# Given information
Content starts
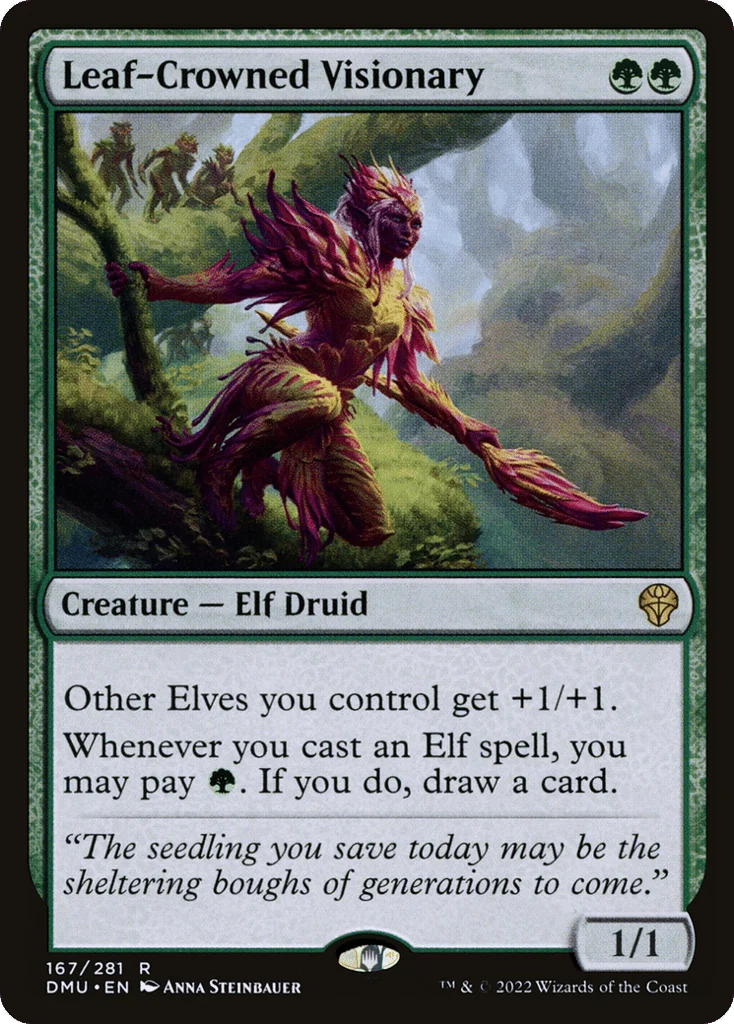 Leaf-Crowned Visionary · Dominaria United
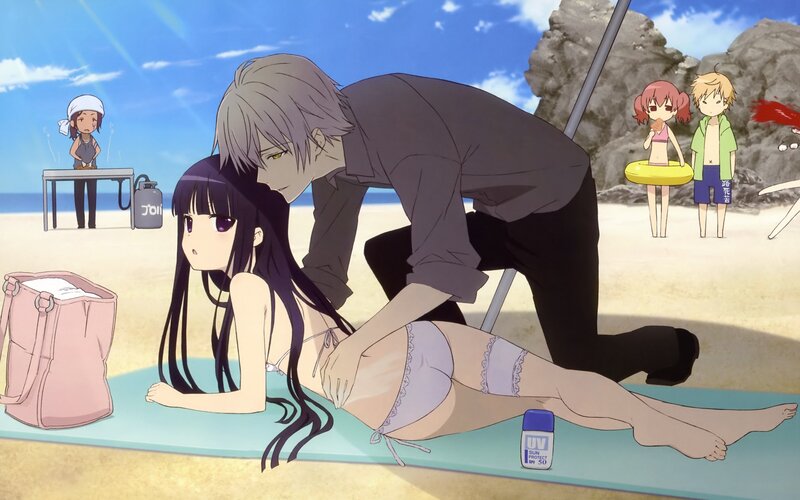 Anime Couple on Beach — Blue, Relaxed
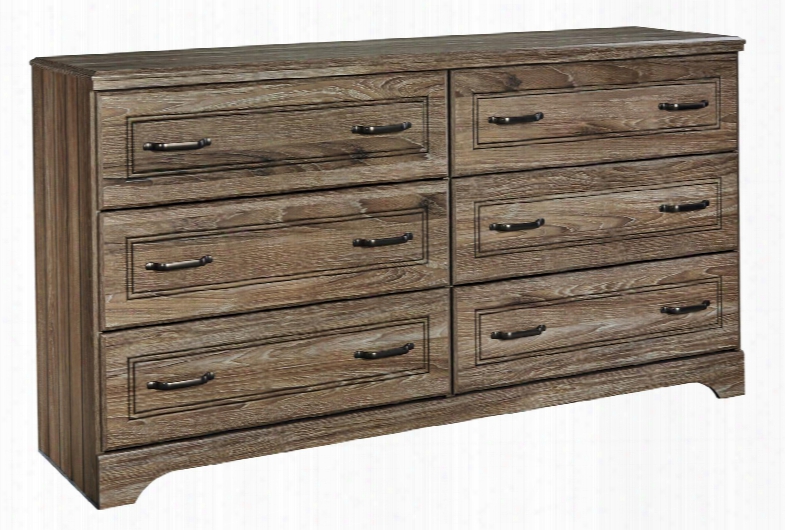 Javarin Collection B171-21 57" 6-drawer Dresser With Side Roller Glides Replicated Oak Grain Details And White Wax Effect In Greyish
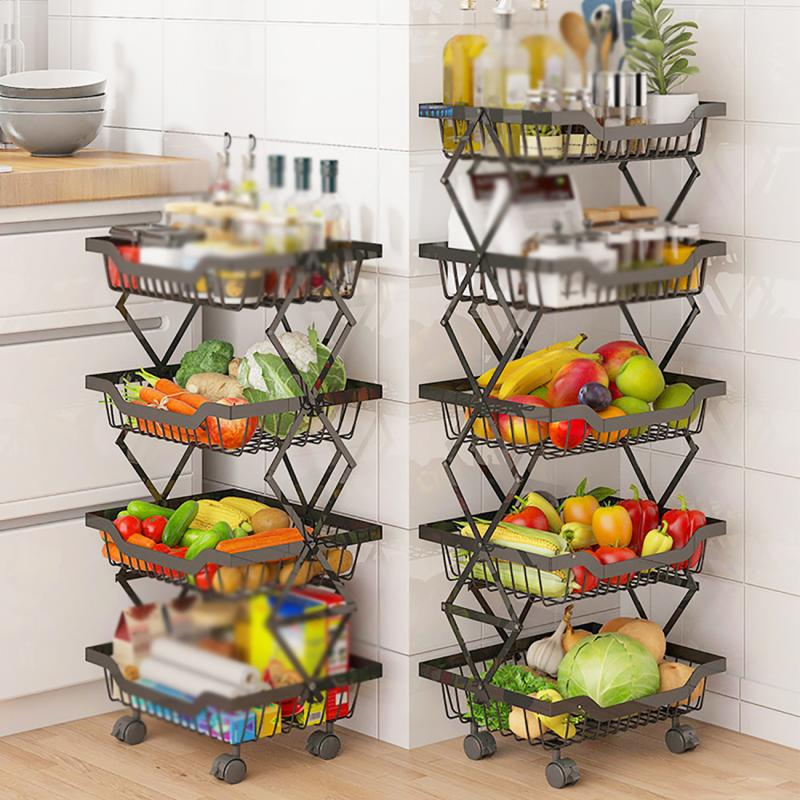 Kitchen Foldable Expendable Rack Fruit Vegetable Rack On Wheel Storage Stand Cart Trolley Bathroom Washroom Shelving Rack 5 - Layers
Content ends
Content starts
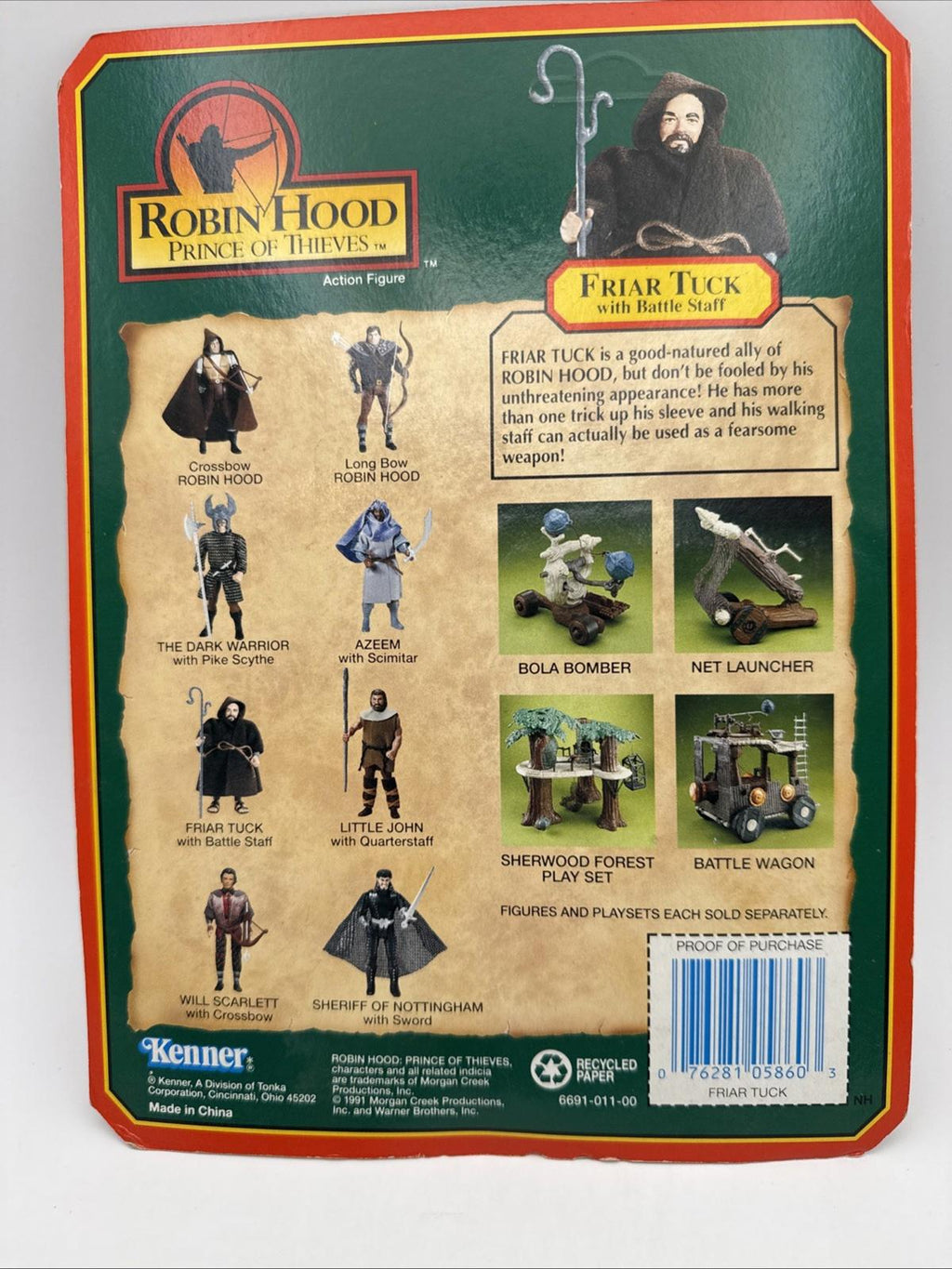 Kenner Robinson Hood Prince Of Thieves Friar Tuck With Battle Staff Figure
Content ends
Content starts
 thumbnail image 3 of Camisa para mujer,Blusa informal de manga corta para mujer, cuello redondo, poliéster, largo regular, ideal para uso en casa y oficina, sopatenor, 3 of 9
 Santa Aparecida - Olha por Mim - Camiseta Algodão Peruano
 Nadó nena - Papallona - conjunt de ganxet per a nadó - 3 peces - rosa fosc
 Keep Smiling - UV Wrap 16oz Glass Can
Content ends
# Instructions to follow
Starting at the line above that has "Leaf-Crowned Visionary · Dominaria United" and ending at the line that has "Kitchen Foldable Expendable", copy each line exactly, leaving the pictures out and adding nothing.

# Result for this exercise
 Leaf-Crowned Visionary · Dominaria United
 Anime Couple on Beach — Blue, Relaxed
 Javarin Collection B171-21 57" 6-drawer Dresser With Side Roller Glides Replicated Oak Grain Details And White Wax Effect In Greyish
 Kitchen Foldable Expendable Rack Fruit Vegetable Rack On Wheel Storage Stand Cart Trolley Bathroom Washroom Shelving Rack 5 - Layers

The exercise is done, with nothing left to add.